- Given data
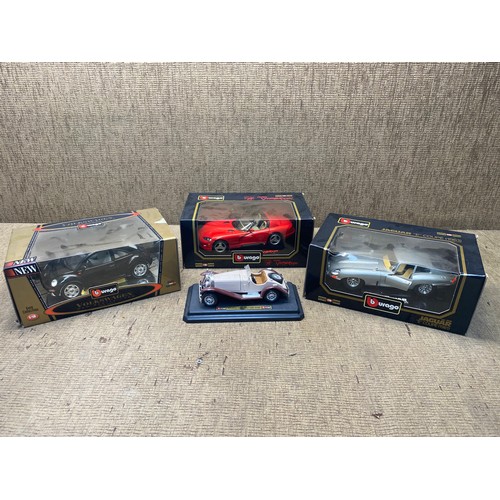 1307 - Collection of burago model cars including: Jaguar, Volkswagen and Mercedes.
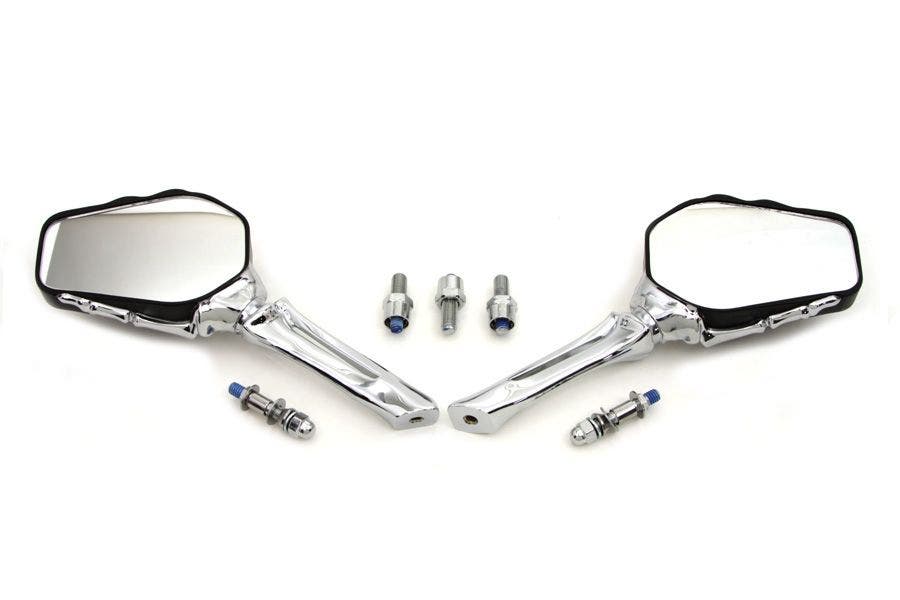 PartzBiz HD 4401125 - V-Twin 34-1319 ชุดกระจกโครงกระดูกพร้อมก้านทรงกระดูก Chrome Harley 65-Up electra street road glide king softail dyna ดีที่สุดสำหรับรถชอปเปอร์แบ็กเกอร์แบบคัสตอม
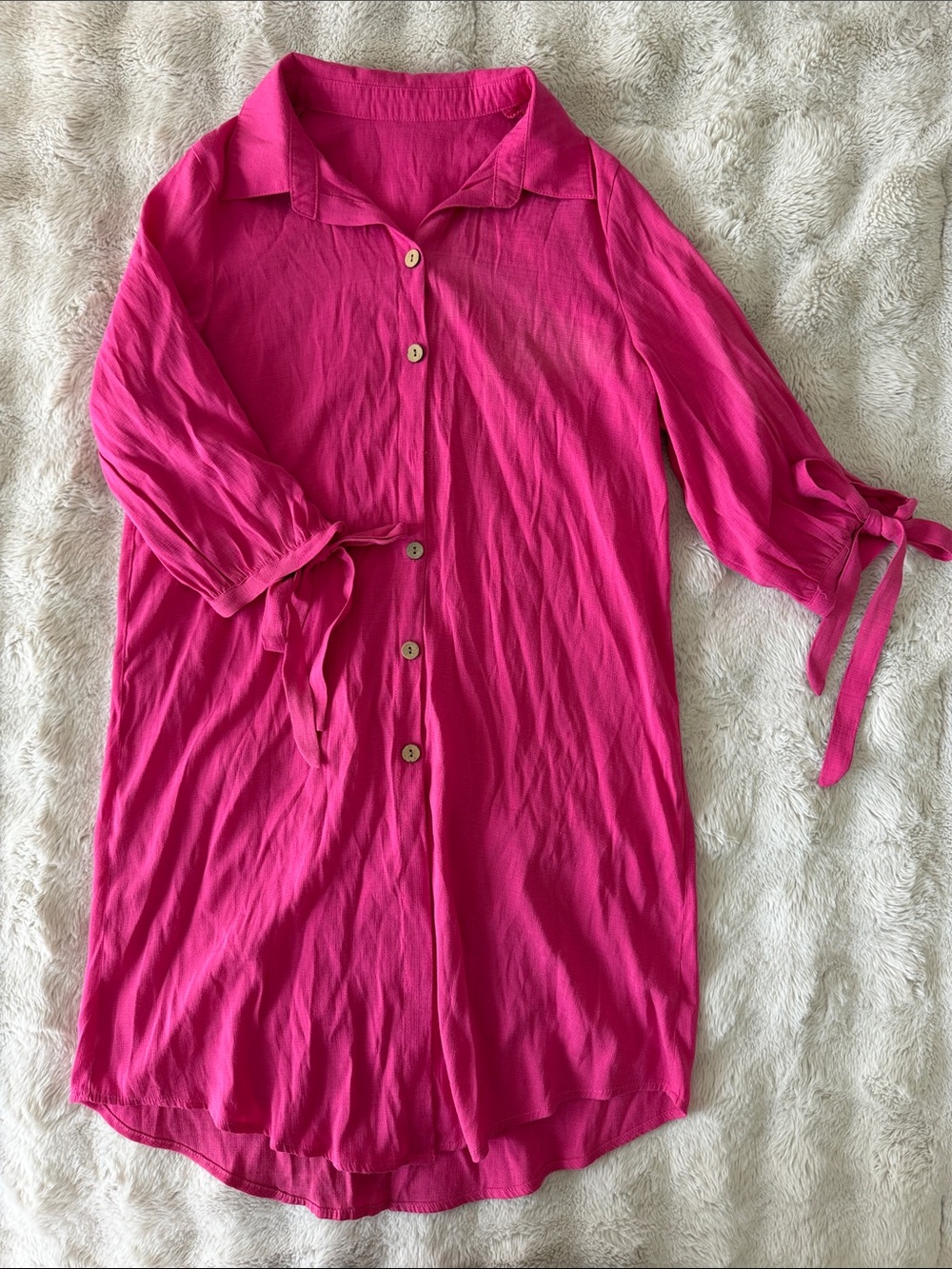 Women’s Hot Pink Button-Front Shirt Dress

- Exercise details
All the lines above must be written out exactly, without a single picture.

- Task response
 1307 - Collection of burago model cars including: Jaguar, Volkswagen and Mercedes.
 PartzBiz HD 4401125 - V-Twin 34-1319 ชุดกระจกโครงกระดูกพร้อมก้านทรงกระดูก Chrome Harley 65-Up electra street road glide king softail dyna ดีที่สุดสำหรับรถชอปเปอร์แบ็กเกอร์แบบคัสตอม
 Women’s Hot Pink Button-Front Shirt Dress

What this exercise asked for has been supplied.